Normally, when I see a roadmap presentation, it is assumed everyone knows the base function, and is interested in what is coming out over the next few years. Instead, Mark had to spend the bulk of his time explaining what these services are, and only gave a glimpse of what is coming in first half of next year.
The first, Red Hat OpenShift Streams for Apache Kafka, is basically a service that connects "producers" with "consumers" of small packets of data, similar to Red Hat's existing AMQ, or IBM's MQ Series. If "Apache Kafka" sounds familiar to you, it is because it is also used in IBM's Spectrum Discover product.
The second, Red Hat OpenShift Data Science was what my last lab was all about.
The third, Red Hat OpenShift API Management, manages the deployment of API modules, such as the ones I build in my labs earlier that day. These could be API's that encapsulate business logic, or Artificial Intelligence Machine Learning (AI/ML) models.
- Assessing and addressing security at scale with Red Hat Insights and Red Hat Enterprise Linux (RHEL)
Greg Scott and Freddy Montero presented this lecture on maintaining a consistent security policy in your enterprise. This task is difficult enough today, and is becoming more complex with hybrid cloud deployments.

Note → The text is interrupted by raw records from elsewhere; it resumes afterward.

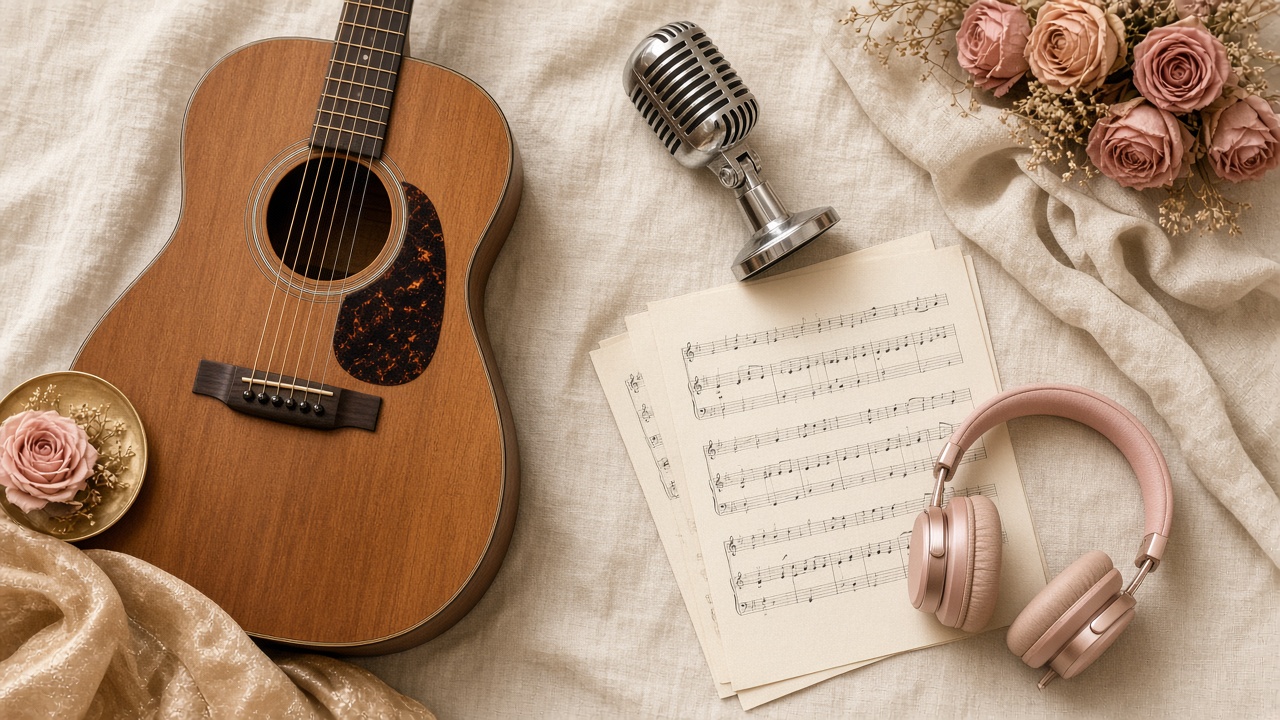 Instruments ready for a new song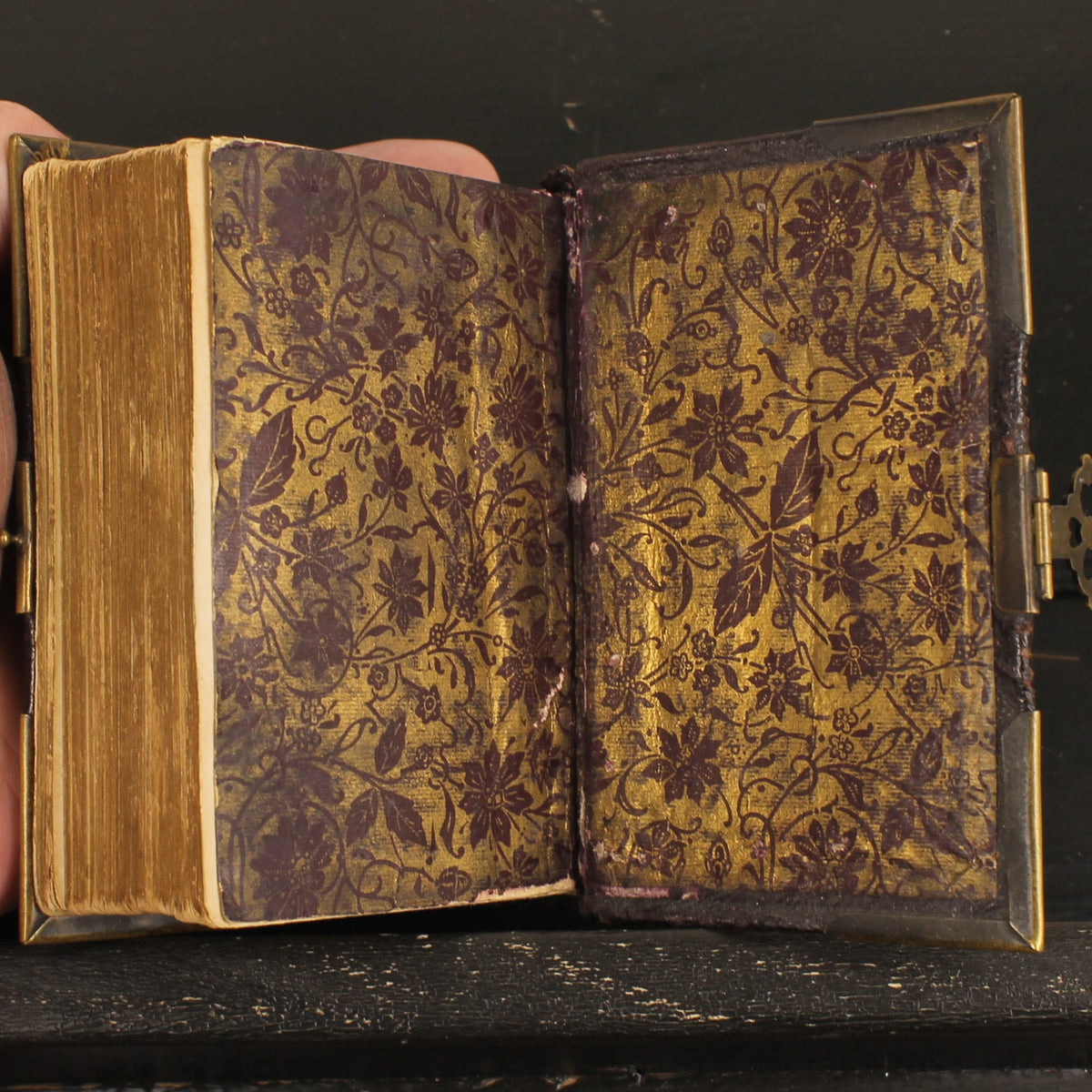 Livro de Orações Paroissien Romain 1890 | Pele, Ferragens e Fecho em Latão | Limoges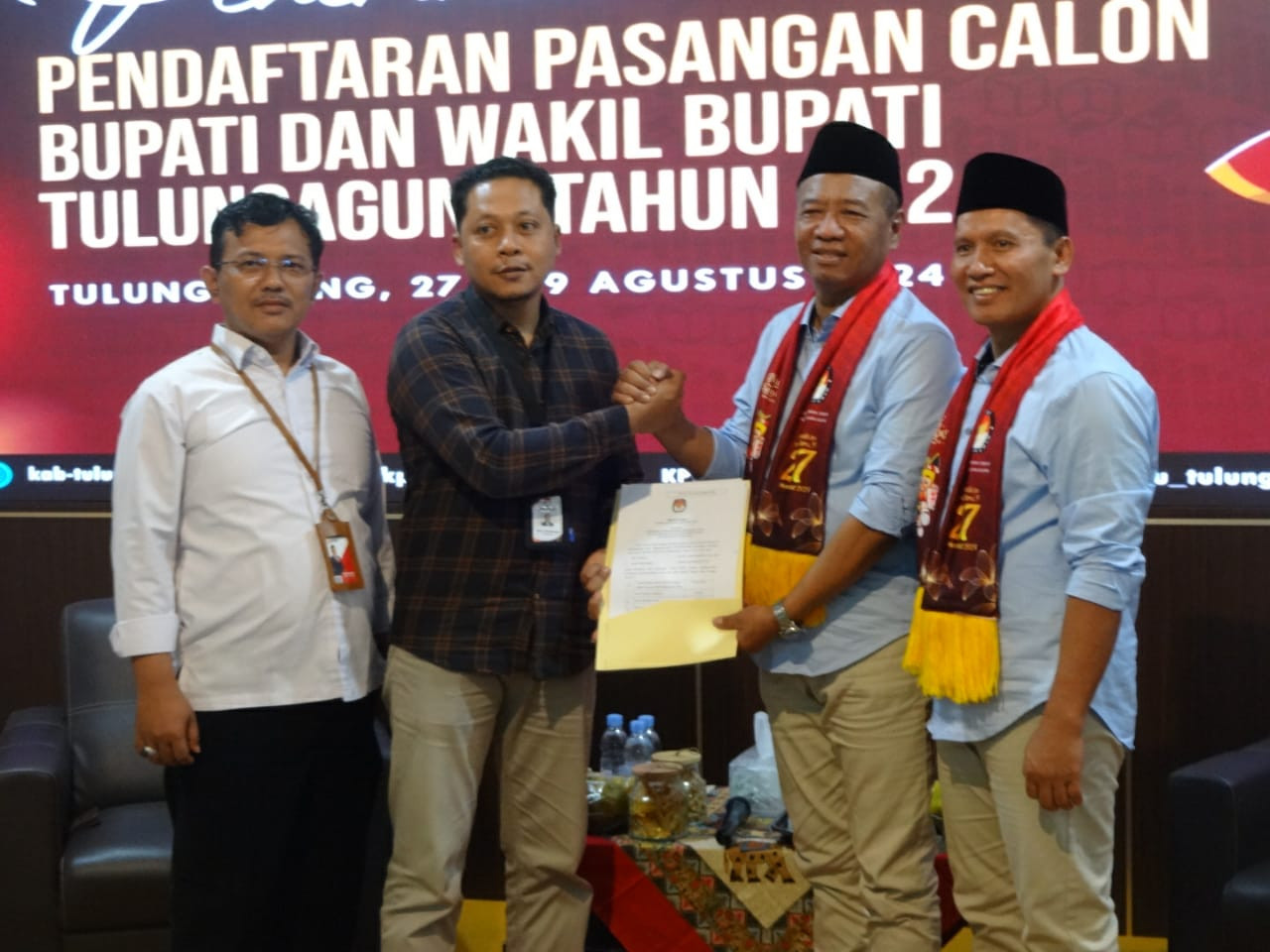 Gugatan Paslon 03 Dismissal, Pasangan Gabah Menangkan Pilbup Tulungagung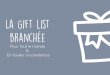 Gift list branchée Noël 2015 - idées de cadeaux
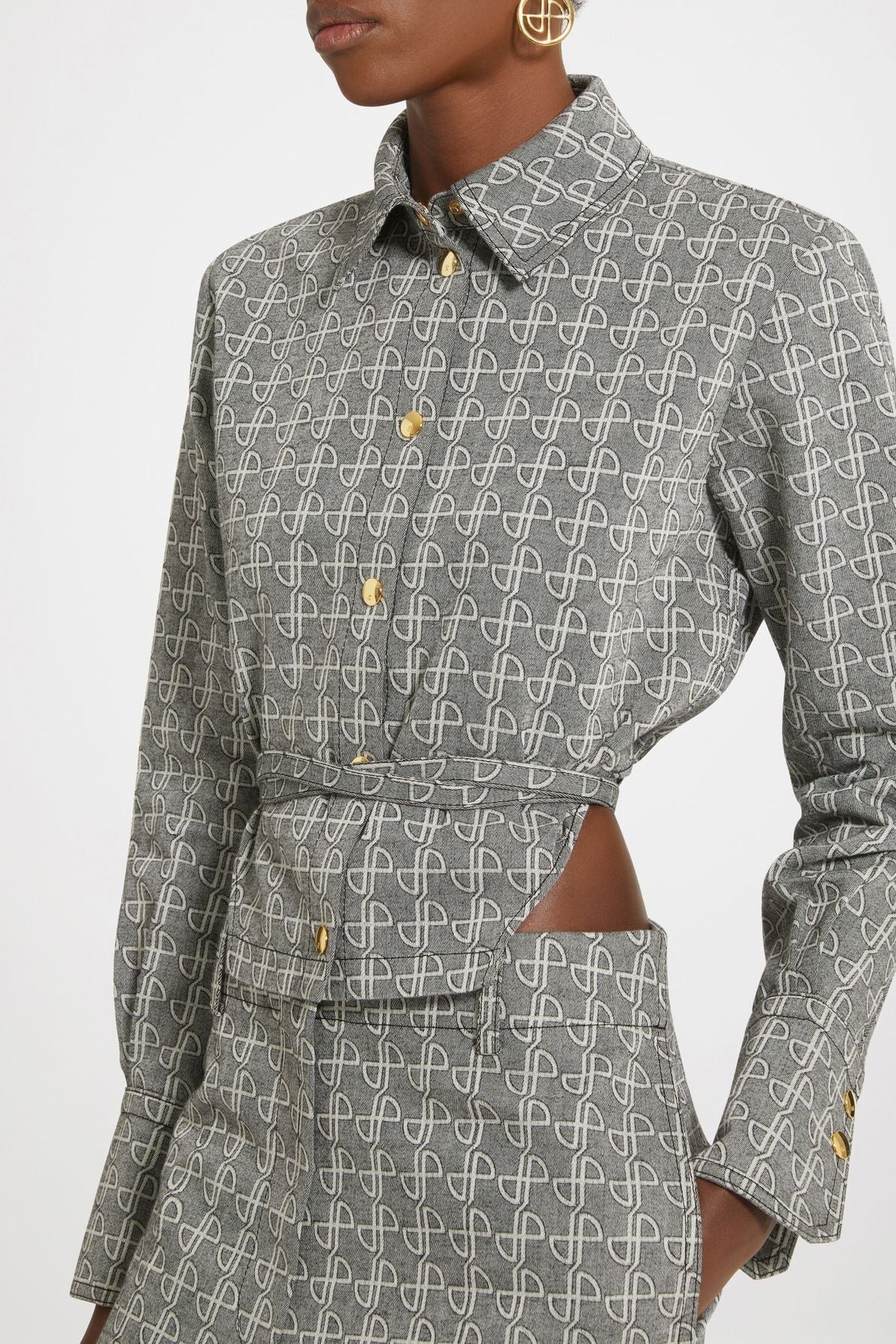 Casquette Patou en jacquard de coton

Red Hat Enterprise Linux (RHEL) offers great technologies to help secure your environment, but how do you manage these at scale?
Red Hat Insights is a cloud-based service which works together with Red Hat Enterprise Linux to help solve these issues for you. The Red Hat Insights client runs continuously on your RHEL server, sending status to the cloud, or via Red Hat Satellite for systems not on the Internet. This could identify CVE vulnerabilities that need to be patched, security configuration settings that need to be changed, and so on.